DESVARIEUX: Okay. And, Glen, sort of let’s turn the corner a little bit and discuss how the mainstream press is covering this. So some people are arguing that this is a step in the right direction, ’cause now, you know, you can tackle what they’re calling a broken system. What’s your take on all of that?
FORD: Yeah, I call this the MSNBC political conversation. But it applies basically to all the media and to the general discussion of criminal justice as it transpires in the United States. There is the current–the school of thought that says that the criminal justice system is flawed but it can be fixed. And those are the folks who are asking for more Justice Department probes, whether triggered by some kind of automatic mechanism or just ad hoc, as we see the situation so far. Another school of thought says that the criminal justice system is broken and needs a major overhaul. And that’s usually considered to be a radical position.
But my position is that the system works just fine.
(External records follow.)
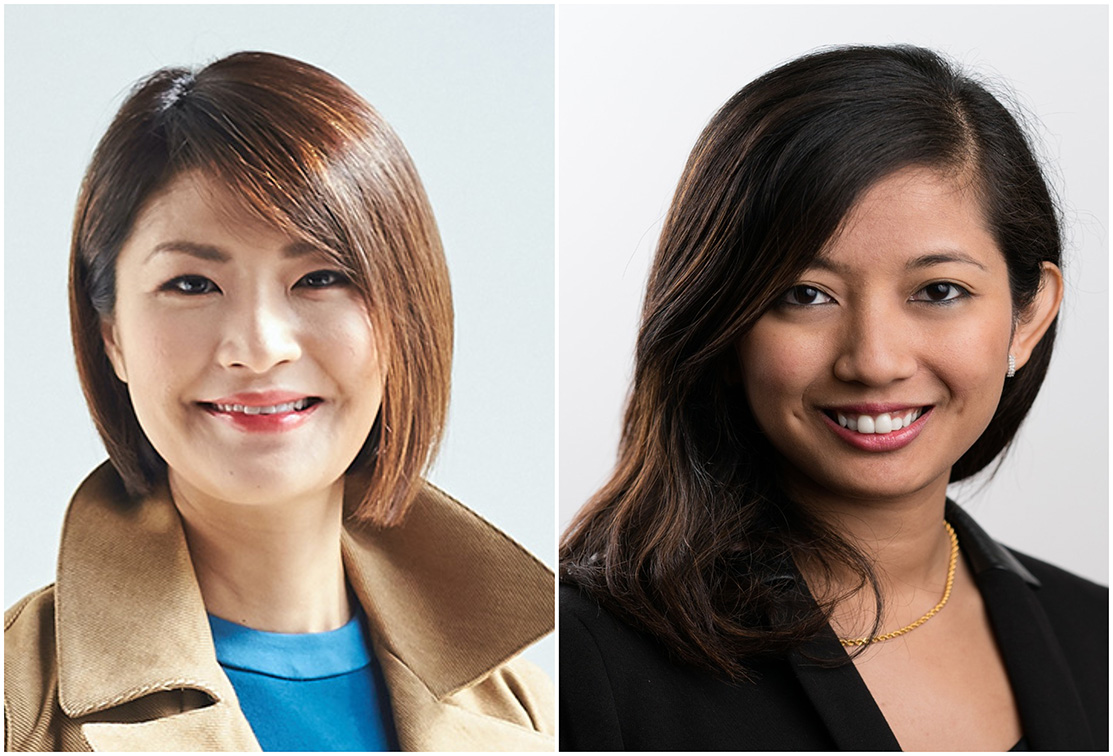 AIA Singapore extends 13-year partnership with Ogilvy Public Relations following recent pitch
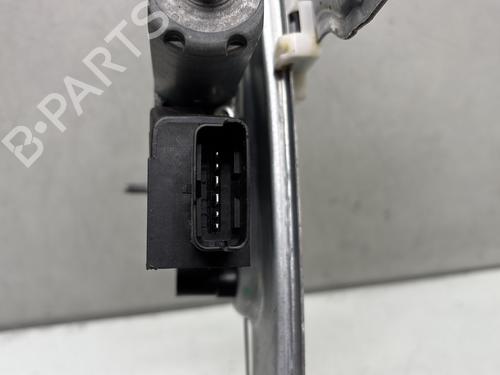 Rear right window mechanism CITROËN C3 III (SX) 1.2 PureTech 82 | BP28519768C25 - Image 3
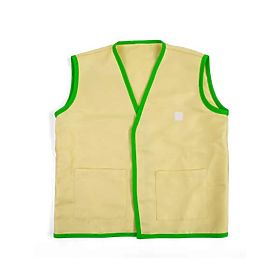 Bigjigs Toys Explorer Costume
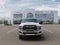 2026 RAM Ram 2500 Big Horn Crew Cab 4x4 6'4" Box
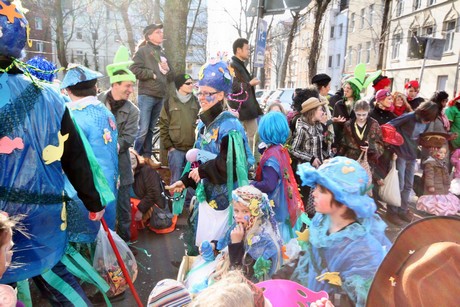 karneval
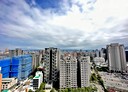 西屯區-青海南街2房2廳，29.4坪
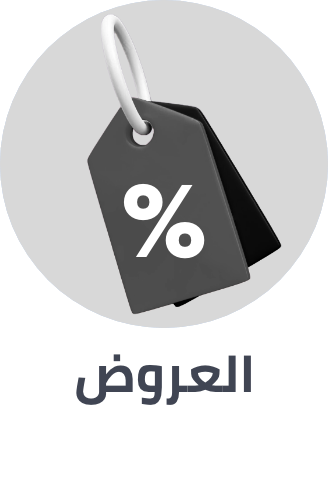 /electronics-and-mobiles/computers-and-accessories/noon-deals-electronics-sa/?sort[by]=popularity&sort[dir]=desc&limit=50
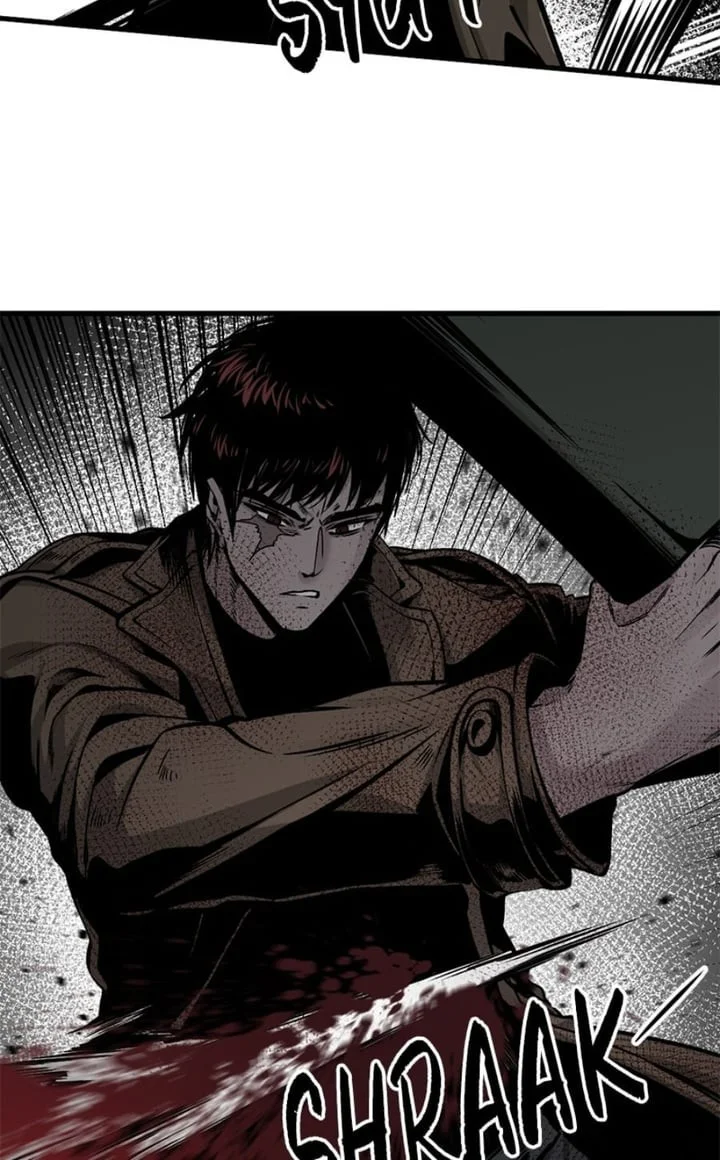 Chapter 191 - halaman 16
It does exactly what it was designed to do. It acts with uniformity all across the United States and delivers, like clockwork, millions of black bodies to be incarcerated in the biggest gulag in the world. It does it quite efficiently. It cost a lot of money, but the money that’s spent is made by somebody. And it’s the uniformity, again, the system that shows that it is a well-oiled machine that has been working at the highest possible speed for the last 45 years. That’s not a broken system. If we look at it as a broken system, we’re just going to tinker with it. If we understand that it is a system that is accomplishing the mission of criminalizing a whole race of people, black folks, then we have to look in a much more systemic, societal-wide way at what we do about a criminal justice system that is itself a criminal enterprise.
DESVARIEUX: But, Glen, what do you do, then? Can we speak to specifics in terms of how do you fight this well-oiled machine, as you call it?
FORD: The people who are the target of that well-oiled machine have to mobilize. That’s where the resistance comes from. Since they have declared and treat black people as if we are all criminals, then it is incumbent upon all black folks to resist that system. And that’s what scares them. Ferguson stands out, Ferguson is thought to be possibly a kind of benchmark, not because of what happened to Michael Brown, ’cause that happens every damn day of the year. Ferguson is significant because black people stood up and refused to stand down. They had curfews /wɪkt/ on them and they did not respect them. They were intimidated by a militarized force that acted like it was Israeli in Gaza, and they did not back down. And so we saw that there is the potential, finally, after all these decades, for there to be a mass kind of upswelling of resistance among the targets of this criminal justice system, which is black people as a whole.
Now is the stage in which we do discuss what do those now-energized masses of folks do about it on a tactical and strategic bases. We can’t do that today on the show.
DESVARIEUX: Alright, Glen. Well, we’ll do that next time you’re on. Hopefully we’ll get into some more specifics. Thank you so much for joining us.
FORD: [Thank you for the] opportunity.
DESVARIEUX: And thank you for joining us on The Real News Network.